Insulation options: There are a few different options to provide an insulation barrier for a slab installation.  Three of them are discussed here.

Rigid foam sheets:  If the ground is leveled off well, a 1’ thick layer of blue foam is sometimes used as an insulation layer.  The cost of material is relatively inexpensive.  Because it is typically made of closed cell foam, this can also effectively serve as a vapor barrier, but would need to be taped or sealed somehow where pieces butt together in order not to compromise this functionality.  If working outdoors, care must be taken to hold the pieces in place prior to pouring the slab.  Pieces can be crushed or broken while being walked upon during the installation phase as well, sacrificing performance.  Lastly, while a 1” thick layer of foam will typically provide an R-5 insulation value, the foam itself will still allow some heat from radiant tubing in the slab to pass through it into the ground (i.e. – someplace other than our target area).

Spray foam:  This method has many risks with it.  The foam itself should be closed-cell foam.  If it is not closed cell, it will likely lose its insulation value over time.  Spray foam has no inherent vapor barrier capability.  This would need to be added perhaps through a plastic layer both below and above the foam.  Perhaps the most difficult aspect of using spray foam is the ability to maintain a consistent thickness and density prior to pouring.  For all of the above reasons, using spray foam as an insulation barrier under a slab is strongly discouraged.

Insulating Tarp or blanket:  An insulating tarp provides a built in vapor barrier above and below an insulating InsulTarp6layer of air (much like the bubble-pack used for shipping in packages).  The upper layer of the tarp also serves as a reflective layer to help to maximize the amount of heat being directed to the target area above the floor.  Insulating tarp is easy to work with.  It can simply be unrolled over the desired area.  It can be easily cut and taped down to adjacent pieces in only a few minutes.  It can be walked on by installers without worry to integrity or performance of the product.  It does not take up as much thickness as a rigid foam sheet and best of all, it provides superior insulation performance (typically in the R-6 to R-7 range).

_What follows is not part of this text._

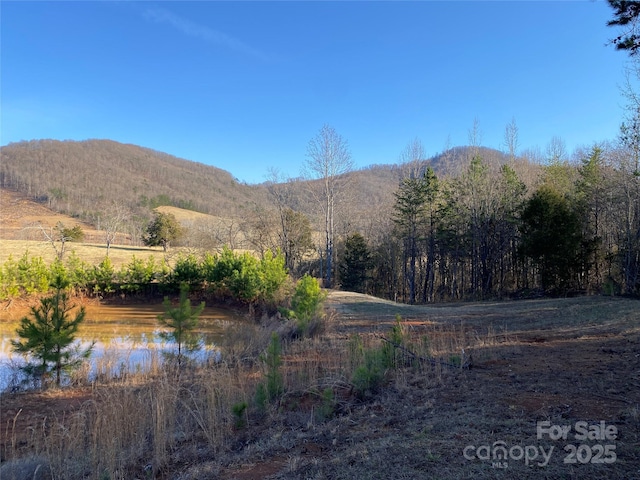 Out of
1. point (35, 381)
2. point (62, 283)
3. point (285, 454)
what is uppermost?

While the per square foot cost of the insulating tarp may be more than that of rigid foam, it’s benefits during installation (quicker and easier) and its superior insulating performance and contribution to toward the increased efficiency of the radiant heating system provides a quick payback for both the installer and the homeowner.  Going back to the goal of our in-slab system – to efficiently heat the slab (and not the earth below it) and maximize the amount of heat being directed into the air space 6-8 feet directly above the slab – it is easy to see that the use of an insulating tarp makes sense in any in-slab radiant heating system.

How to select a heat source for your radiant heating system

Monday, March 29th, 2010
Jason Murphy

Jason Murphy

Selecting a heat source for your radiant heating system is easy for large projects since efficient boilers and hydronic geothermal heat pumps offer exceptional value and performance.

Problems arise when you try to select a heat source for small radiant systems of less than 1,000 square feet.

This is a problem for our customers since many radiant heating systems are indeed small. Many customers are adding radiant heating systems to new rooms, barns, and garages.

Radiant Heat Source Options

You have the following options for radiant heat sources:

  • Boiler (Electric/Gas/LP)
  • Tankless Hot Water Heater
  • Traditional Water Heater (Electric/Gas/LP)

On-demand hot water heaters, or instant hot water heaters, are typically the first choice since they are small and most users consider these devices to be cost effective. Water heaters are often considered as an option to reduce costs. Each option has important considerations before you decide on a heat source for a radiant system.

Instant Hot Water for Radiant Systems

If you are planning to use an instant hot water heater, you need to make sure the heat loss of the radiant zone exceeds the minimum output of the water heater. For example, if your water heater modulates down to 15,000 BTUH but the 300 SF radiant zone only needs 5,000 BTUH on the coldest day, your water heater will short cycle and overheat. The solution for a small radiant zone would be to use a buffer tank or to use a traditional tank style water heater.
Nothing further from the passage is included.